WHAT IS NEEDED: Under this line are the records; write out word for word the part that begins at the line containing "LT-10009-LSR-LYF shower enclosure, shower" and ends at the line containing "USA Toyz AstroShot", and no more.

PROVIDED DATA:
========

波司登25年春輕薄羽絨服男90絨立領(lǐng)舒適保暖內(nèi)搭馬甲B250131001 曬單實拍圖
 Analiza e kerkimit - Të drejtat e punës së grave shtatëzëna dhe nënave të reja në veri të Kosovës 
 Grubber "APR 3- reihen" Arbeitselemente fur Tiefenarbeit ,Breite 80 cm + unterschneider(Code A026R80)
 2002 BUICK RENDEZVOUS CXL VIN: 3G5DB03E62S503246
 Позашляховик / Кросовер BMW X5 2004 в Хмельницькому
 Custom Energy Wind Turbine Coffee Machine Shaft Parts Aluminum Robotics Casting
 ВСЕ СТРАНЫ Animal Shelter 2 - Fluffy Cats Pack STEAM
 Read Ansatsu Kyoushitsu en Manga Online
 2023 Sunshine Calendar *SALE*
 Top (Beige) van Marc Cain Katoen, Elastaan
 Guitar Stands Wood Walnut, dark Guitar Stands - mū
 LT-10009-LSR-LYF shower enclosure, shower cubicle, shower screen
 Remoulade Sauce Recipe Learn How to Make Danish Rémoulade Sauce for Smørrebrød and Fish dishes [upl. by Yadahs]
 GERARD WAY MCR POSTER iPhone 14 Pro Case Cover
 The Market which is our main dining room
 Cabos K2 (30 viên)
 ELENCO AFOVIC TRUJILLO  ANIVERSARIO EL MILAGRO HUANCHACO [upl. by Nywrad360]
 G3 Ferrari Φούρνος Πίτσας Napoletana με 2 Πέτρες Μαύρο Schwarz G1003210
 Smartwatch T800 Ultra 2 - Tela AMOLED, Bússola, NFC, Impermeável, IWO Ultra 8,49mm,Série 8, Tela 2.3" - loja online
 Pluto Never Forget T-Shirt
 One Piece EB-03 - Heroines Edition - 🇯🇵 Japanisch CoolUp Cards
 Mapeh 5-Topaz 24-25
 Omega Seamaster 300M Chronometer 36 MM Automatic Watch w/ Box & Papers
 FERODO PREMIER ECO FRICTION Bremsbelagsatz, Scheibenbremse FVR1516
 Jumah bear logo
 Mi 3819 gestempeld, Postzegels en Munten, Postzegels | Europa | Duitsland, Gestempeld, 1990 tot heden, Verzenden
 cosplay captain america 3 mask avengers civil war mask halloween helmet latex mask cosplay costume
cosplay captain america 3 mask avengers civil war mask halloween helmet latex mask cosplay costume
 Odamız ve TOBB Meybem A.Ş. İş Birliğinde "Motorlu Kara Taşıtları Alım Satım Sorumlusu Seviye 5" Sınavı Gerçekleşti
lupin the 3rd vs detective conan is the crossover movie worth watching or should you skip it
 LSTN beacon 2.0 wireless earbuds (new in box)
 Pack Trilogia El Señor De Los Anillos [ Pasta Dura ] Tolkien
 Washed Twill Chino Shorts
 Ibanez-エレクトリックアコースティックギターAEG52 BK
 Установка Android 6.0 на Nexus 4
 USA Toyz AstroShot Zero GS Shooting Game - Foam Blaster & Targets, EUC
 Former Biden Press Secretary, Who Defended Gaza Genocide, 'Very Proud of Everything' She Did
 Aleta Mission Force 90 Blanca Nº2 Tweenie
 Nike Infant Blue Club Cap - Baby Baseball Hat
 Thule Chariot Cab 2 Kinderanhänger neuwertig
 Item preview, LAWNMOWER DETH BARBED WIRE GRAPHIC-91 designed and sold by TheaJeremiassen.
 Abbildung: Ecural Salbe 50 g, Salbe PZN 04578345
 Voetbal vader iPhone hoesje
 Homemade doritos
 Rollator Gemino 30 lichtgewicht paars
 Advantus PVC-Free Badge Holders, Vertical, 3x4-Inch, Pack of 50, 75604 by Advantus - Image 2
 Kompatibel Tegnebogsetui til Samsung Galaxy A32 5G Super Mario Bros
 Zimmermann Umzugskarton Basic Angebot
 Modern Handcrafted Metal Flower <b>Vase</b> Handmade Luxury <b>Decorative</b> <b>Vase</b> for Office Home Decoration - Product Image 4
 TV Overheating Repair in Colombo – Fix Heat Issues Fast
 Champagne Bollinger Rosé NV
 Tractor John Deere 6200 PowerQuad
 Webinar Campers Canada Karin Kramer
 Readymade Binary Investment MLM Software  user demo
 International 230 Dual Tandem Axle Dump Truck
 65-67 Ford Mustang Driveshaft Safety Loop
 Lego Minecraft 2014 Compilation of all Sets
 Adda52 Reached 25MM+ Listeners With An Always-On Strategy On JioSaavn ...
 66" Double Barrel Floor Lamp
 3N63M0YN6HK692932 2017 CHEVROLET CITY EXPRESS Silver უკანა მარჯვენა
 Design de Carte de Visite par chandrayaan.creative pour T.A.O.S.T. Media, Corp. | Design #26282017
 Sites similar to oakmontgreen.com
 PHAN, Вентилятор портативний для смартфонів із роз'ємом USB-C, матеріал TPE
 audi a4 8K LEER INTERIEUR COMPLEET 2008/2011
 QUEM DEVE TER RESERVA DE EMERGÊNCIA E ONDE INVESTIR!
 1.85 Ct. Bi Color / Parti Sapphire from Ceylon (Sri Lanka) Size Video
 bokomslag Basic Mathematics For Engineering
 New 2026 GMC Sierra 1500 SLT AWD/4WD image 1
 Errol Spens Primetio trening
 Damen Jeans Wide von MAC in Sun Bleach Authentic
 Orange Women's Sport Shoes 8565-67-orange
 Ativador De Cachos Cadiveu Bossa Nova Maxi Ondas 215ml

========

ANSWER:
 LT-10009-LSR-LYF shower enclosure, shower cubicle, shower screen
 Remoulade Sauce Recipe Learn How to Make Danish Rémoulade Sauce for Smørrebrød and Fish dishes [upl. by Yadahs]
 GERARD WAY MCR POSTER iPhone 14 Pro Case Cover
 The Market which is our main dining room
 Cabos K2 (30 viên)
 ELENCO AFOVIC TRUJILLO  ANIVERSARIO EL MILAGRO HUANCHACO [upl. by Nywrad360]
 G3 Ferrari Φούρνος Πίτσας Napoletana με 2 Πέτρες Μαύρο Schwarz G1003210
 Smartwatch T800 Ultra 2 - Tela AMOLED, Bússola, NFC, Impermeável, IWO Ultra 8,49mm,Série 8, Tela 2.3" - loja online
 Pluto Never Forget T-Shirt
 One Piece EB-03 - Heroines Edition - 🇯🇵 Japanisch CoolUp Cards
 Mapeh 5-Topaz 24-25
 Omega Seamaster 300M Chronometer 36 MM Automatic Watch w/ Box & Papers
 FERODO PREMIER ECO FRICTION Bremsbelagsatz, Scheibenbremse FVR1516
 Jumah bear logo
 Mi 3819 gestempeld, Postzegels en Munten, Postzegels | Europa | Duitsland, Gestempeld, 1990 tot heden, Verzenden
 cosplay captain america 3 mask avengers civil war mask halloween helmet latex mask cosplay costume
cosplay captain america 3 mask avengers civil war mask halloween helmet latex mask cosplay costume
 Odamız ve TOBB Meybem A.Ş. İş Birliğinde "Motorlu Kara Taşıtları Alım Satım Sorumlusu Seviye 5" Sınavı Gerçekleşti
lupin the 3rd vs detective conan is the crossover movie worth watching or should you skip it
 LSTN beacon 2.0 wireless earbuds (new in box)
 Pack Trilogia El Señor De Los Anillos [ Pasta Dura ] Tolkien
 Washed Twill Chino Shorts
 Ibanez-エレクトリックアコースティックギターAEG52 BK
 Установка Android 6.0 на Nexus 4
 USA Toyz AstroShot Zero GS Shooting Game - Foam Blaster & Targets, EUC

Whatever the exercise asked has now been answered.